- What to work on
Starting at the line containing "Borne de recharge" and ending at the line containing "Single Family Residence", transcribe the listing below exactly. Keep both end lines, skip the pictures, and copy nothing else.

- Input

--------

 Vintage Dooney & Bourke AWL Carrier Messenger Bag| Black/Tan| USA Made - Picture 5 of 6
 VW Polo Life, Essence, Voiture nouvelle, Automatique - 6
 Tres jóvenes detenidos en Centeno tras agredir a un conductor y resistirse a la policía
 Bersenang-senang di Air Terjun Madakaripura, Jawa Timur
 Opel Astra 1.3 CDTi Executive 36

--------

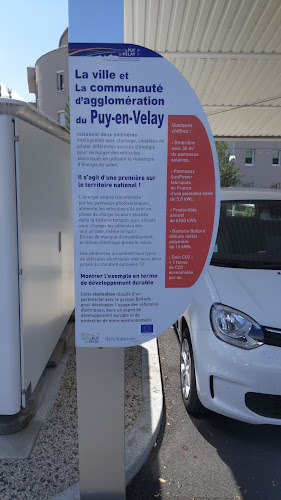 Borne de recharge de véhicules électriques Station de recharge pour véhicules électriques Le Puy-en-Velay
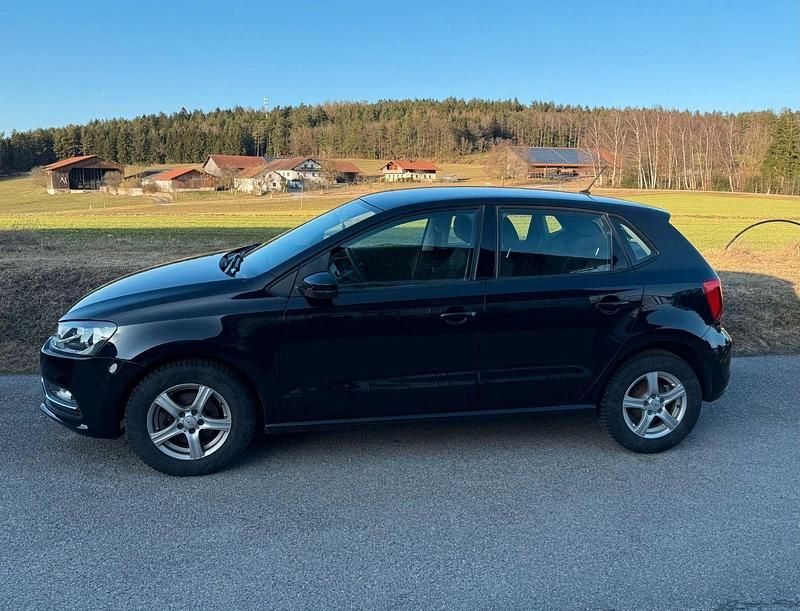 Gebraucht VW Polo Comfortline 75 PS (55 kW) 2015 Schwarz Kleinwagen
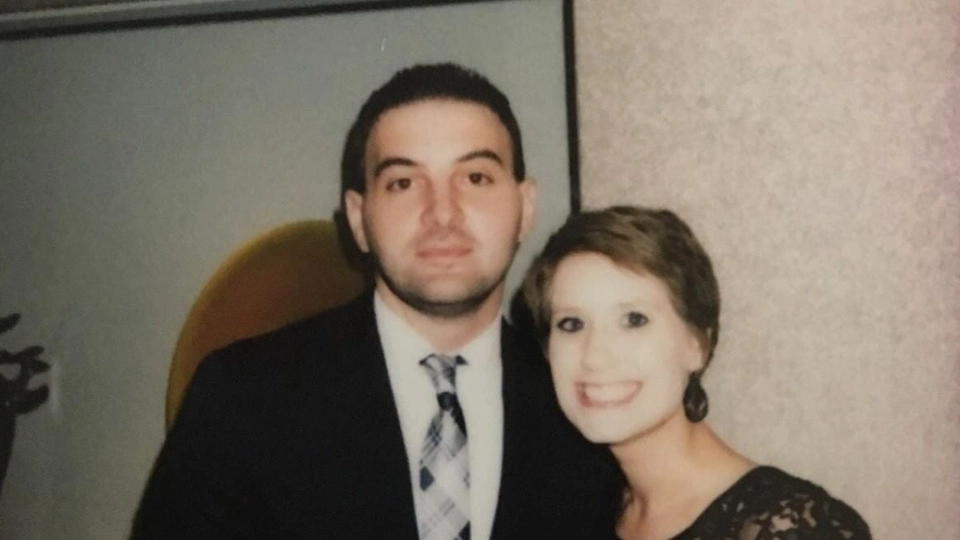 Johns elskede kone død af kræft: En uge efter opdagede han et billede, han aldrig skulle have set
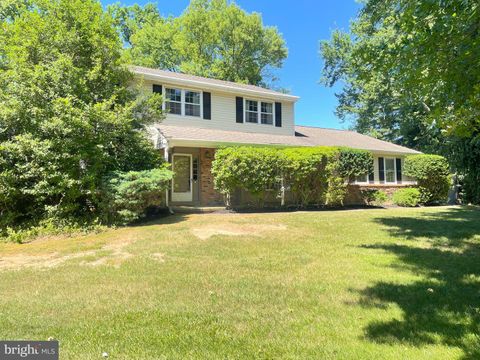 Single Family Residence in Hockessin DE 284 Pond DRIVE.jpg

--------

- Your response
 Borne de recharge de véhicules électriques Station de recharge pour véhicules électriques Le Puy-en-Velay
 Gebraucht VW Polo Comfortline 75 PS (55 kW) 2015 Schwarz Kleinwagen
 Johns elskede kone død af kræft: En uge efter opdagede han et billede, han aldrig skulle have set
 Single Family Residence in Hockessin DE 284 Pond DRIVE.jpg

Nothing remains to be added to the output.